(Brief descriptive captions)
-- Opening Marker --
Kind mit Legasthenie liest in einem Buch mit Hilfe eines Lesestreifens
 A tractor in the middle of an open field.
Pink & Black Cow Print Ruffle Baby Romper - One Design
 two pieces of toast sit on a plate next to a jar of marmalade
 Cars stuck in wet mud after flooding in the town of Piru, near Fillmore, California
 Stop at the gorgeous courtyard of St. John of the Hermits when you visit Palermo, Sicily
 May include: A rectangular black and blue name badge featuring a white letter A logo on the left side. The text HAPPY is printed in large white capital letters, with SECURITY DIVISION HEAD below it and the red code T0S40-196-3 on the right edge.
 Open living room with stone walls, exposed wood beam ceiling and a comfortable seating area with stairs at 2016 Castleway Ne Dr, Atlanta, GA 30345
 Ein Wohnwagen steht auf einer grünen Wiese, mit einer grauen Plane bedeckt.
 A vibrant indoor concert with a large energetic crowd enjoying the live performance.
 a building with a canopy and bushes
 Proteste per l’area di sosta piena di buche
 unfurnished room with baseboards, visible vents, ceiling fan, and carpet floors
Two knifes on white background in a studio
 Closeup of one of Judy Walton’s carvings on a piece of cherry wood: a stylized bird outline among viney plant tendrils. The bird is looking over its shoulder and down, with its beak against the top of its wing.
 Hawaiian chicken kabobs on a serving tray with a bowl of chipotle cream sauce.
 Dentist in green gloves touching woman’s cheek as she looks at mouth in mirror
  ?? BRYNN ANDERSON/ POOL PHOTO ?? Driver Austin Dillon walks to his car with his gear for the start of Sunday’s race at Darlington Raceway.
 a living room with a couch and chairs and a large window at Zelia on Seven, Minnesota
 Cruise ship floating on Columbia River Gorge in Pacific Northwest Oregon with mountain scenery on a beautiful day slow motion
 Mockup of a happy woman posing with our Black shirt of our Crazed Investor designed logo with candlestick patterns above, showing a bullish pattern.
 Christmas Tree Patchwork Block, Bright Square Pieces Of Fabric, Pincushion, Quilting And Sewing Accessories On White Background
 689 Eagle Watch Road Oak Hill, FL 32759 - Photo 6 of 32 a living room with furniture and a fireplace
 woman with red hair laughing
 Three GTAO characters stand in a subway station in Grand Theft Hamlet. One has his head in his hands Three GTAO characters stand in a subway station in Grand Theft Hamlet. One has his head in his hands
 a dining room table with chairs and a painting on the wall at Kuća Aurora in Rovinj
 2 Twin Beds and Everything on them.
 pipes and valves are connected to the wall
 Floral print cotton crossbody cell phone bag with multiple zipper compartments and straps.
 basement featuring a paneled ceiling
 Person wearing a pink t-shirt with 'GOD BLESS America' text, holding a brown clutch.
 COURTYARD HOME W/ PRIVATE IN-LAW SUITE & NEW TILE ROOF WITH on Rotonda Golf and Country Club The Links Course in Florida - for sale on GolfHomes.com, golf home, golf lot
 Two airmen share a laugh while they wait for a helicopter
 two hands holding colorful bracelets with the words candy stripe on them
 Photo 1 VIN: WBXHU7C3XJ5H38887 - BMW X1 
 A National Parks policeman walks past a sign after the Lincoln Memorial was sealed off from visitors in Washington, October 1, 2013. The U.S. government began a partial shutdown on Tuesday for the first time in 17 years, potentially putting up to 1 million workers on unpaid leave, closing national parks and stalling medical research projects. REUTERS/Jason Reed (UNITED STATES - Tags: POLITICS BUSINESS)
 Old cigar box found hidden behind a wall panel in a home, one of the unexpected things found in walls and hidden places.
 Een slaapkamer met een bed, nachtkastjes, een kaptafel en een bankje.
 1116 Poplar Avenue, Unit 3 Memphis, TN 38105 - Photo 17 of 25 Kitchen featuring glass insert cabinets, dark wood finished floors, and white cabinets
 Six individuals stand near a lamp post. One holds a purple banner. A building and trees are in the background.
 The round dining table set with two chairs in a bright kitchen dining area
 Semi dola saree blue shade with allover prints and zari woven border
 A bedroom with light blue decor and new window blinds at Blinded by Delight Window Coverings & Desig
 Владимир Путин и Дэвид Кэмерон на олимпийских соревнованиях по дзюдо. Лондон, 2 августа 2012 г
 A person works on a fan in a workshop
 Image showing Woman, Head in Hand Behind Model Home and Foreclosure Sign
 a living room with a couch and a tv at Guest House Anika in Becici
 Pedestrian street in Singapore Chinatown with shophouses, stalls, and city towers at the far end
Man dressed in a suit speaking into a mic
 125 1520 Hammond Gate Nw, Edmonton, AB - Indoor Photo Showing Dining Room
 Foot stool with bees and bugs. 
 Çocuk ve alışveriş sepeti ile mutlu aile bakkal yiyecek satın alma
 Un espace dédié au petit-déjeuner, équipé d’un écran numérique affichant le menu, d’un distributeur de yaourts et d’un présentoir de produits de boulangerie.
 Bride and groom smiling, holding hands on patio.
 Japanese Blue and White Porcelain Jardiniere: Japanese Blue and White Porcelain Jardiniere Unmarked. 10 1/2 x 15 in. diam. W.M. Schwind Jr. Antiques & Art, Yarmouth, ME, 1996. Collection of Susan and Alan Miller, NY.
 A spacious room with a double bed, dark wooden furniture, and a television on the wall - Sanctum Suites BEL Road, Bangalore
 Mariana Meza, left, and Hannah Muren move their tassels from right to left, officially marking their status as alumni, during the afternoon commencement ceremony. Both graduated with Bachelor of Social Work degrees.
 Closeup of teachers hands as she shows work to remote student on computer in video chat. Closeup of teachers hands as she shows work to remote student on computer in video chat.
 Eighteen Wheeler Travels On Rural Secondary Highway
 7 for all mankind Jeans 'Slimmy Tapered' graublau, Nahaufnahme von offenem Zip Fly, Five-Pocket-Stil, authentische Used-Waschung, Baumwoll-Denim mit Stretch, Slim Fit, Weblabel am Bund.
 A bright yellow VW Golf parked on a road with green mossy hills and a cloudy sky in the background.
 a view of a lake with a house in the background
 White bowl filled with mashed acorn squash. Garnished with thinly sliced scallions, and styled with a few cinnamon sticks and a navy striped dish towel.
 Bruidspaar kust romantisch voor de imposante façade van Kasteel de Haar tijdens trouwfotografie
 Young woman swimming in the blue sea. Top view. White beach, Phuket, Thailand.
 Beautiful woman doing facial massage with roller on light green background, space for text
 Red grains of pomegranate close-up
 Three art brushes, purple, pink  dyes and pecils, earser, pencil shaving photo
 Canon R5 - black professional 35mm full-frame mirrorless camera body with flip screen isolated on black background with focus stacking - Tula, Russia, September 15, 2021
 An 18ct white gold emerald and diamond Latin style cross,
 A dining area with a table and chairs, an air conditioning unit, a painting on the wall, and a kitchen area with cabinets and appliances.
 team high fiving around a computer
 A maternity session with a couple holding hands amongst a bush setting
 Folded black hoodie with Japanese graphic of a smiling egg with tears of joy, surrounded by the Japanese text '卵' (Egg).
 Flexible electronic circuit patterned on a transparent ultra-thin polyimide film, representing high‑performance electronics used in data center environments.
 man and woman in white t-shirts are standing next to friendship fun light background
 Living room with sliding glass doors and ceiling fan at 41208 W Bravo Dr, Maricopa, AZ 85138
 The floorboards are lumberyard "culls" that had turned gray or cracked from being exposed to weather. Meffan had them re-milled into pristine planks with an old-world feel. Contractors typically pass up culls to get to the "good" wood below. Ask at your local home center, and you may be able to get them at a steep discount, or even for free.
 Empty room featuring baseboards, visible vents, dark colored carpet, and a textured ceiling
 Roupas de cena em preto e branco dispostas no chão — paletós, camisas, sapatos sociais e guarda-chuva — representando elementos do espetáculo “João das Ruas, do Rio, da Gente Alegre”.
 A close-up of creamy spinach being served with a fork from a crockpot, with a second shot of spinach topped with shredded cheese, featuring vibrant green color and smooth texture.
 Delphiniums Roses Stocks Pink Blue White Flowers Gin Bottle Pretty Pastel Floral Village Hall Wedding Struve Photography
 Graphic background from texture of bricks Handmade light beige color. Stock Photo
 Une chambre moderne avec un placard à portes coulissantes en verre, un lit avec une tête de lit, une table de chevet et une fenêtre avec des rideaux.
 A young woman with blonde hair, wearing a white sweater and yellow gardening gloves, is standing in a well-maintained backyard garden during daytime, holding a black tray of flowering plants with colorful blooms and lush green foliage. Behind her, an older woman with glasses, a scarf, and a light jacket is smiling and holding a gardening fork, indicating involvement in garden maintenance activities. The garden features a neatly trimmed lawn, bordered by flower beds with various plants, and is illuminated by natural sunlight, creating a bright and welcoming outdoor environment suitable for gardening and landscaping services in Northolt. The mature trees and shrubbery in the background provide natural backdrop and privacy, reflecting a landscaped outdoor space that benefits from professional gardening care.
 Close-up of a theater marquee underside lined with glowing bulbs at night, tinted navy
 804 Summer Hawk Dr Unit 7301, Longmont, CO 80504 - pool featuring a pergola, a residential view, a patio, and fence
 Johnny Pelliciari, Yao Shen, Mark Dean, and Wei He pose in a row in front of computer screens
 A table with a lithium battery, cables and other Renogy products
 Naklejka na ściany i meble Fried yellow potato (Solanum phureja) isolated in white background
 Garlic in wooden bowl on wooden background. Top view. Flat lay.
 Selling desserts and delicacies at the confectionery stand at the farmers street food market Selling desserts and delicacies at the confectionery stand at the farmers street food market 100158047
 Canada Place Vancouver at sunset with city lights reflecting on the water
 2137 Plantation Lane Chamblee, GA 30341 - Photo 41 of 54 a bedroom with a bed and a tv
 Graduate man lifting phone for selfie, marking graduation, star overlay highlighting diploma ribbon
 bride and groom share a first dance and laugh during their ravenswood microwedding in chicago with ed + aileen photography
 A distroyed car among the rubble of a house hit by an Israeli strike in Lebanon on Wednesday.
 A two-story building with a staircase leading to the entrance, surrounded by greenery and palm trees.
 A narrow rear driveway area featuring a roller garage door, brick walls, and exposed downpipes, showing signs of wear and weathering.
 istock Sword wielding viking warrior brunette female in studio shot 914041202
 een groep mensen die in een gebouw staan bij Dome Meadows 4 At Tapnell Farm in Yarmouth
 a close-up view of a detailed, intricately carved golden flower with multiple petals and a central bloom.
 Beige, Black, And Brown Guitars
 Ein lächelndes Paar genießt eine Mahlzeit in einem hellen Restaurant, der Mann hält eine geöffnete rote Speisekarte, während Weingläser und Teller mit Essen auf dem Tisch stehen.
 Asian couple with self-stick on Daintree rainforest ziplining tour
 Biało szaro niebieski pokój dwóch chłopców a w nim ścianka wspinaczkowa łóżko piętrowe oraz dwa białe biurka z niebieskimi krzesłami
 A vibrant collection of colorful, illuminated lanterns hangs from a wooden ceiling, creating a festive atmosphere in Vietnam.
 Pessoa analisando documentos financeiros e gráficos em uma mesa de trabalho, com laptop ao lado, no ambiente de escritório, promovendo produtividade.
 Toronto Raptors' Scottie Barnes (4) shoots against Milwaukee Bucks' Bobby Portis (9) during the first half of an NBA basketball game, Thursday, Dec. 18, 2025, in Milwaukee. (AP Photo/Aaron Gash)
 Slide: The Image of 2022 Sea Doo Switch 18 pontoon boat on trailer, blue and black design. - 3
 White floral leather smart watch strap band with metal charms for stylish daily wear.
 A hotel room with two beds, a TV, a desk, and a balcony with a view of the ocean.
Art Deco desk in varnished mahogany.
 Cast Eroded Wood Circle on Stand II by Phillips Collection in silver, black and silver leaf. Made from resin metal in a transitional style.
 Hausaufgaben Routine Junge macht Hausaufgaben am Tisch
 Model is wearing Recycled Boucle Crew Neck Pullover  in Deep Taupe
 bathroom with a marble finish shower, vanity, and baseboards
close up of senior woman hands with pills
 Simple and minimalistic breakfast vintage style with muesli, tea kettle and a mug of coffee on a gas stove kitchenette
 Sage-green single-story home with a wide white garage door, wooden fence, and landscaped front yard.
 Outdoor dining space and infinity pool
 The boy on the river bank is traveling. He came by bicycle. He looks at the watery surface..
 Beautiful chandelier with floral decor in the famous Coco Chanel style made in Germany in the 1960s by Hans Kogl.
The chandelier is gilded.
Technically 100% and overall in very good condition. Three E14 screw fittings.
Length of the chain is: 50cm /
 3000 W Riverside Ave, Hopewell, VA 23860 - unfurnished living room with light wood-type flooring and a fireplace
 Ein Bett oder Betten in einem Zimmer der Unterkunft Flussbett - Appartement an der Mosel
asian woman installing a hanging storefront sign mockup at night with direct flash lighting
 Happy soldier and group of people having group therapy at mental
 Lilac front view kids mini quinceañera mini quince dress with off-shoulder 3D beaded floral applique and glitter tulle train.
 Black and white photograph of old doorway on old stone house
-- Closing Marker --
• Requirement:
The lines above from the one containing "Beige, Black, And Brown Guitars" through the one containing "The chandelier is gilded." are to be set down exactly, and no others.

• Answer section:
 Beige, Black, And Brown Guitars
 Ein lächelndes Paar genießt eine Mahlzeit in einem hellen Restaurant, der Mann hält eine geöffnete rote Speisekarte, während Weingläser und Teller mit Essen auf dem Tisch stehen.
 Asian couple with self-stick on Daintree rainforest ziplining tour
 Biało szaro niebieski pokój dwóch chłopców a w nim ścianka wspinaczkowa łóżko piętrowe oraz dwa białe biurka z niebieskimi krzesłami
 A vibrant collection of colorful, illuminated lanterns hangs from a wooden ceiling, creating a festive atmosphere in Vietnam.
 Pessoa analisando documentos financeiros e gráficos em uma mesa de trabalho, com laptop ao lado, no ambiente de escritório, promovendo produtividade.
 Toronto Raptors' Scottie Barnes (4) shoots against Milwaukee Bucks' Bobby Portis (9) during the first half of an NBA basketball game, Thursday, Dec. 18, 2025, in Milwaukee. (AP Photo/Aaron Gash)
 Slide: The Image of 2022 Sea Doo Switch 18 pontoon boat on trailer, blue and black design. - 3
 White floral leather smart watch strap band with metal charms for stylish daily wear.
 A hotel room with two beds, a TV, a desk, and a balcony with a view of the ocean.
Art Deco desk in varnished mahogany.
 Cast Eroded Wood Circle on Stand II by Phillips Collection in silver, black and silver leaf. Made from resin metal in a transitional style.
 Hausaufgaben Routine Junge macht Hausaufgaben am Tisch
 Model is wearing Recycled Boucle Crew Neck Pullover  in Deep Taupe
 bathroom with a marble finish shower, vanity, and baseboards
close up of senior woman hands with pills
 Simple and minimalistic breakfast vintage style with muesli, tea kettle and a mug of coffee on a gas stove kitchenette
 Sage-green single-story home with a wide white garage door, wooden fence, and landscaped front yard.
 Outdoor dining space and infinity pool
 The boy on the river bank is traveling. He came by bicycle. He looks at the watery surface..
 Beautiful chandelier with floral decor in the famous Coco Chanel style made in Germany in the 1960s by Hans Kogl.
The chandelier is gilded.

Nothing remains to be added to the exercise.